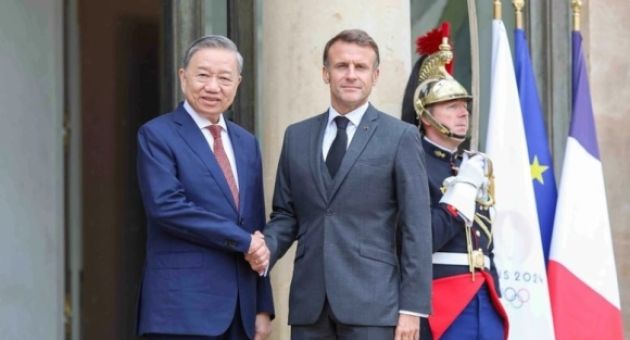 Pháp trở thành nước đầu tiên trong EU nâng cấp quan hệ lên Đối tác chiến lược...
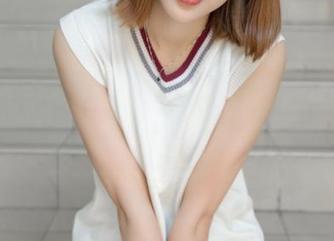 梦丝女神 – 美图分享：香萱的办公室，其实也能很‘放飞’！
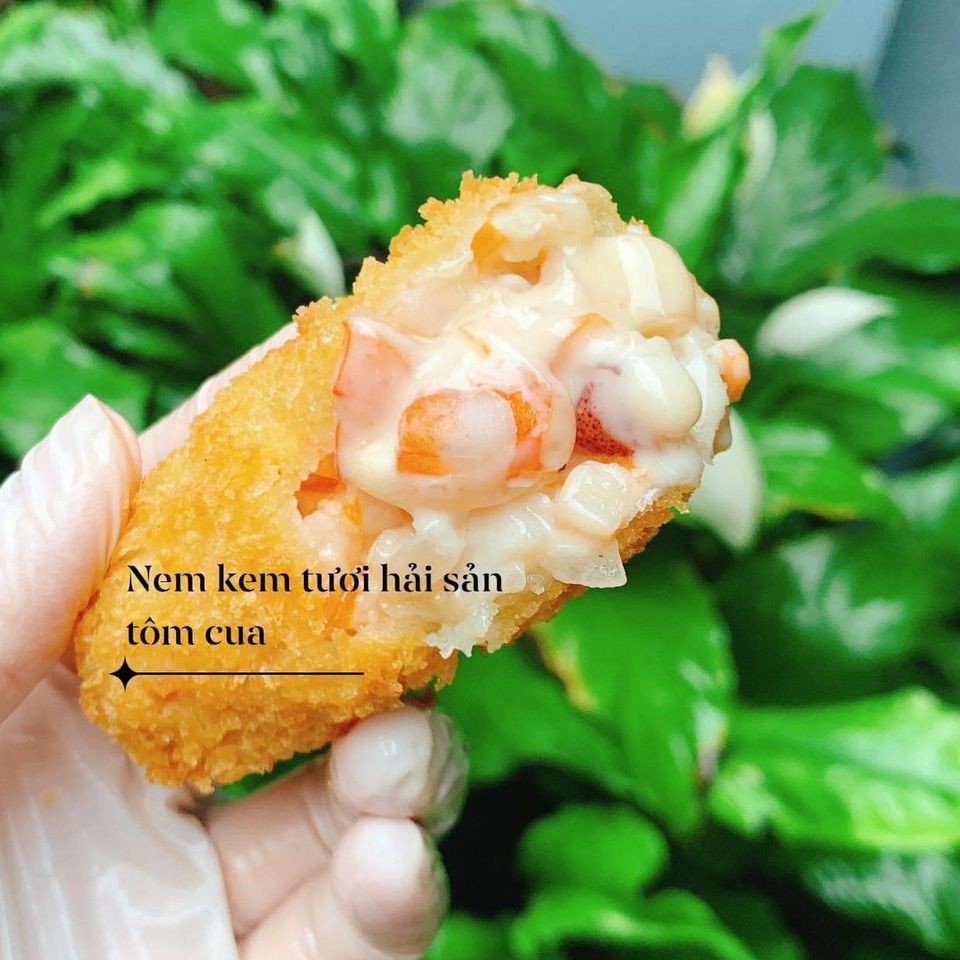 Nem kem bơ hải sản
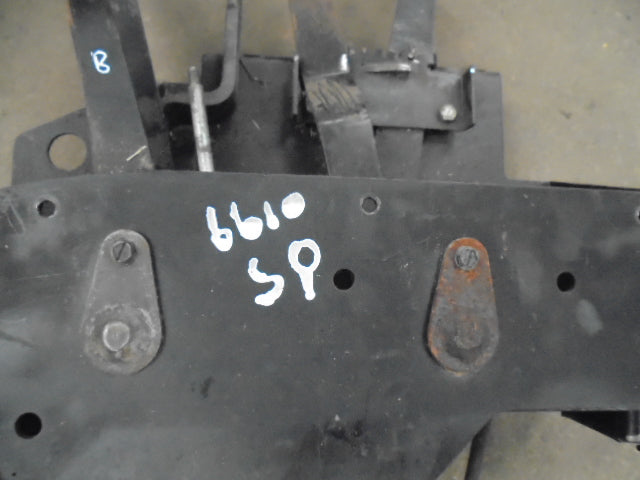 For FORD 5610 6610 7610 SQ CAB HYDRAULIC LEVERS & MOUNTING BOX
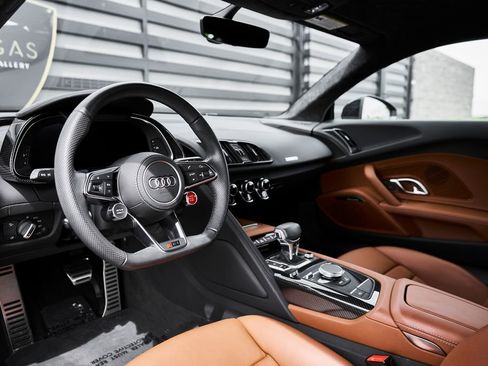 Used 2022 Audi R8 V10 image 2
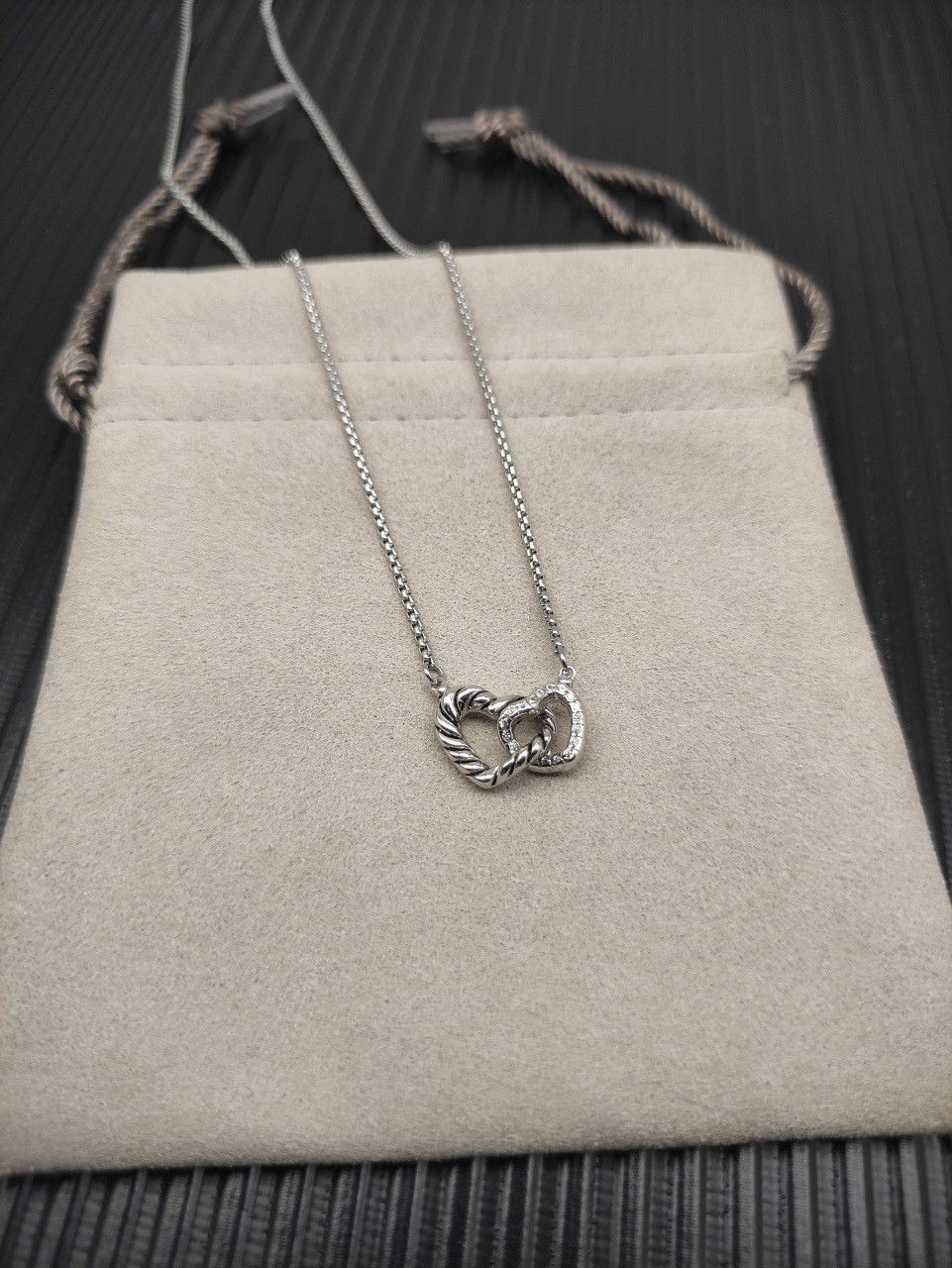 dau1d Yvrm*n interlocking heart necklace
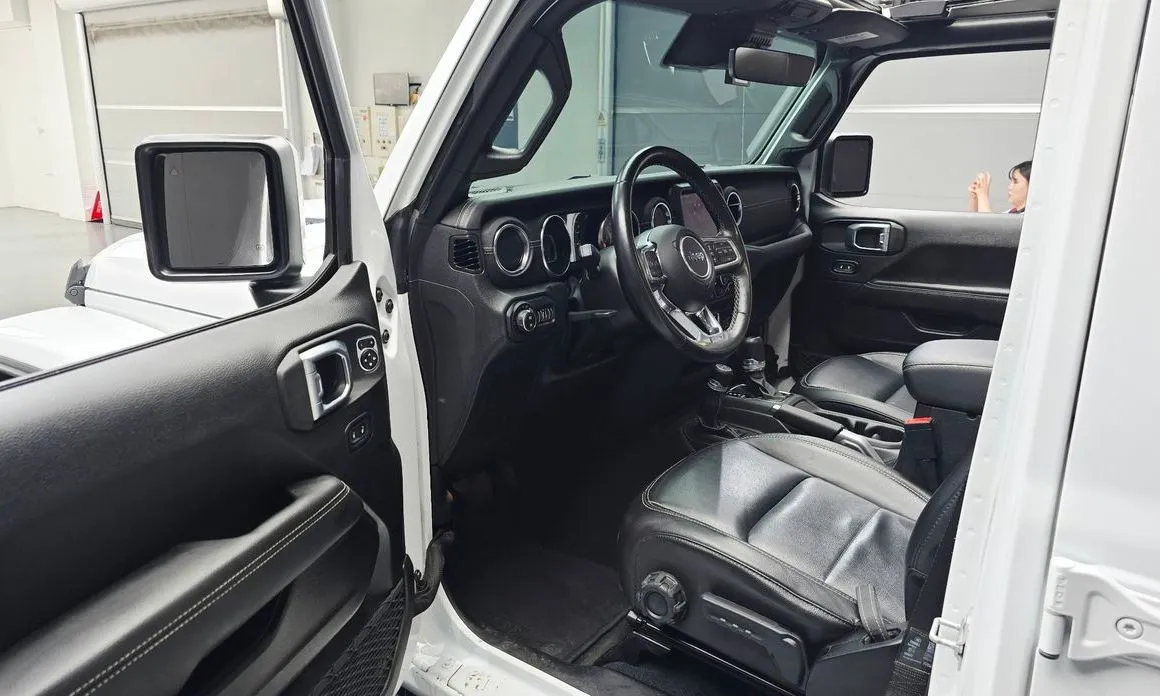 Jeep Wrangler 2023 из KR, фото 10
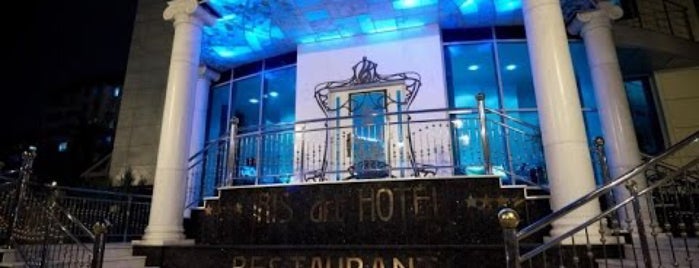 Iris Art Hotel is one of Tempat yang Disimpan Елена.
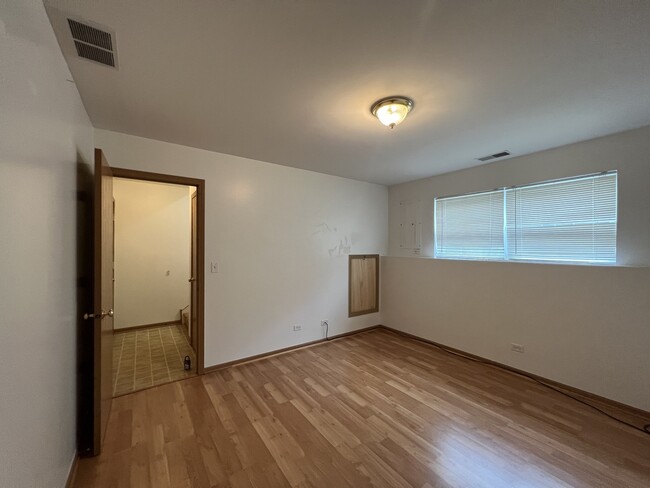 Building Photo - 1046 Chadwick Dr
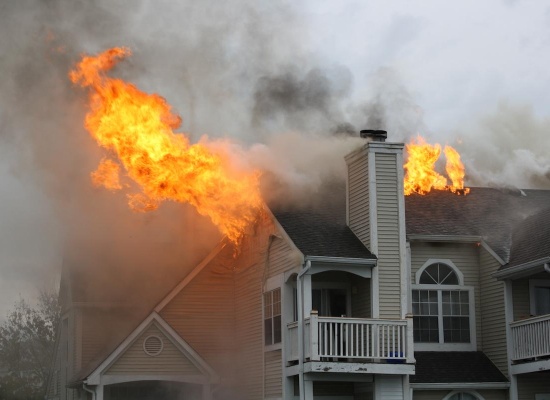maison-en-feu-ootravaux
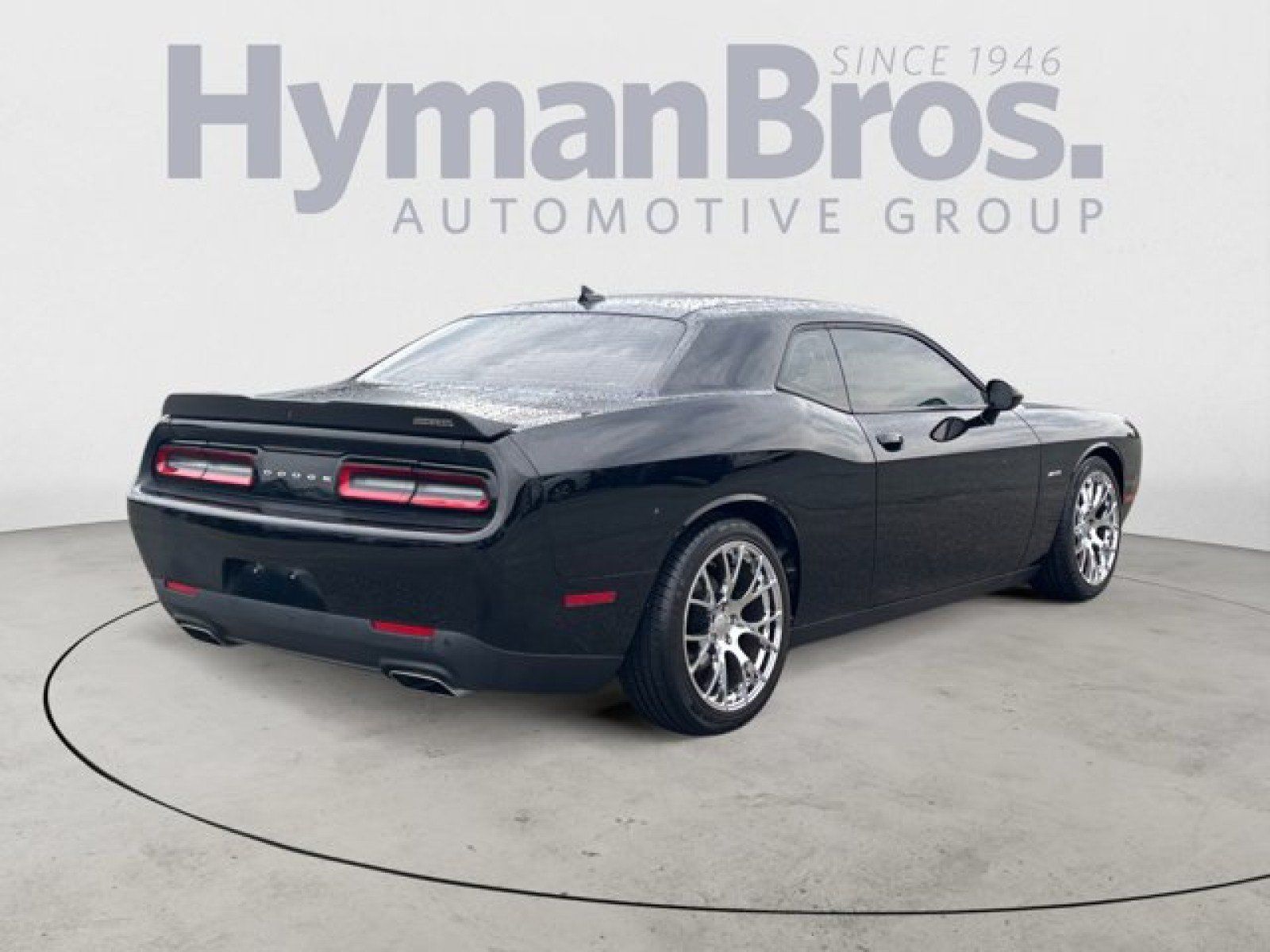 Used 2016 Dodge Challenger R/T RWD image 3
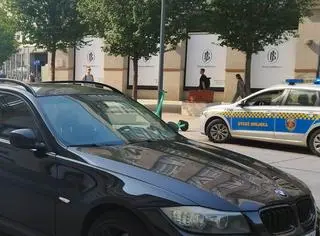 Kierowca wjechał na plac Pięciu Rogów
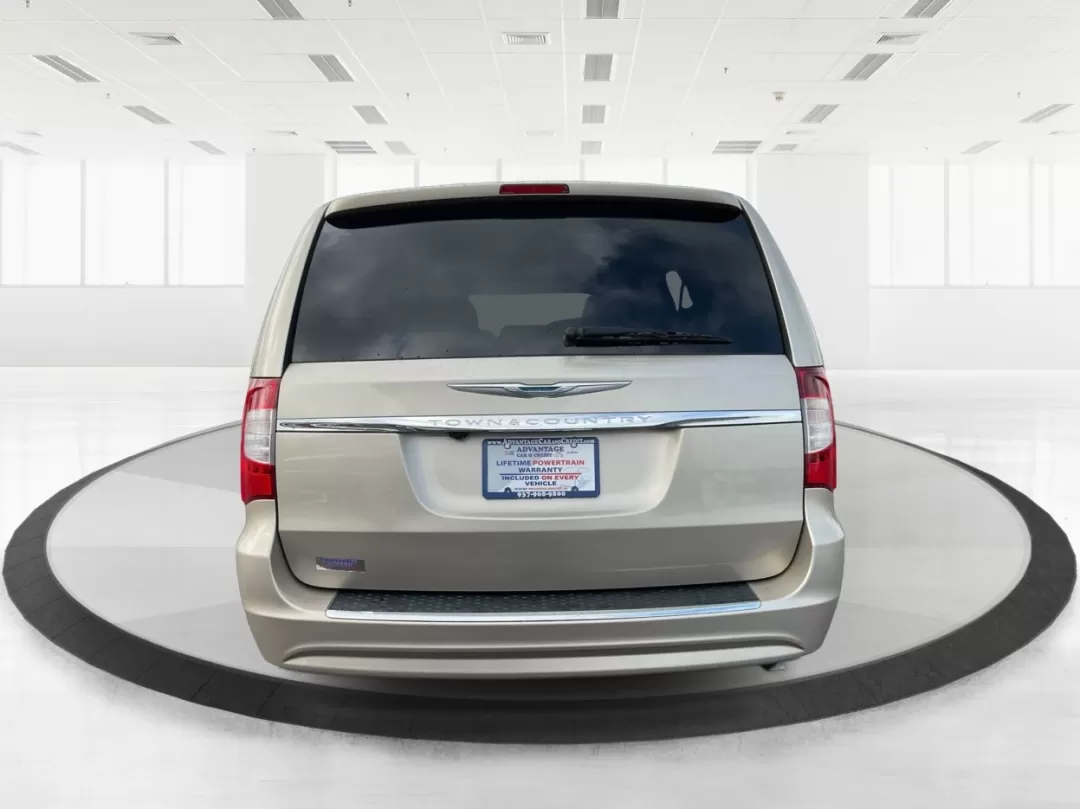 2016 Chrysler Town and Country PV (2C4RC1BG4GR) with an Other engine, located at 8750 N County Rd 25A, Piqua, OH, 45356, (937) 908-9800, 40.164391, -84.232513 - **Elevate Your Family Adventures with the 2016 Chrysler Town and Country at Advantage Car and Credit - Piqua!**<br /> <br /> Are you looking for the perfect vehicle to accommodate your growing family or enhance your daily commute? Look no further than the 2016 Chrysler Town and Country, availabl - Photo#3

**ACTION ITEM**
Given the listing above, retype only the span of lines from the line with "Used 2022 Audi R8 V10 image 2" up to and including the line with "Kierowca wjechał na plac Pięciu Rogów", exactly as it stands and without pictures.

**RESPONSE BOX**
 Used 2022 Audi R8 V10 image 2
 dau1d Yvrm*n interlocking heart necklace
 Jeep Wrangler 2023 из KR, фото 10
 Iris Art Hotel is one of Tempat yang Disimpan Елена.
 Building Photo - 1046 Chadwick Dr
maison-en-feu-ootravaux
 Used 2016 Dodge Challenger R/T RWD image 3
 Kierowca wjechał na plac Pięciu Rogów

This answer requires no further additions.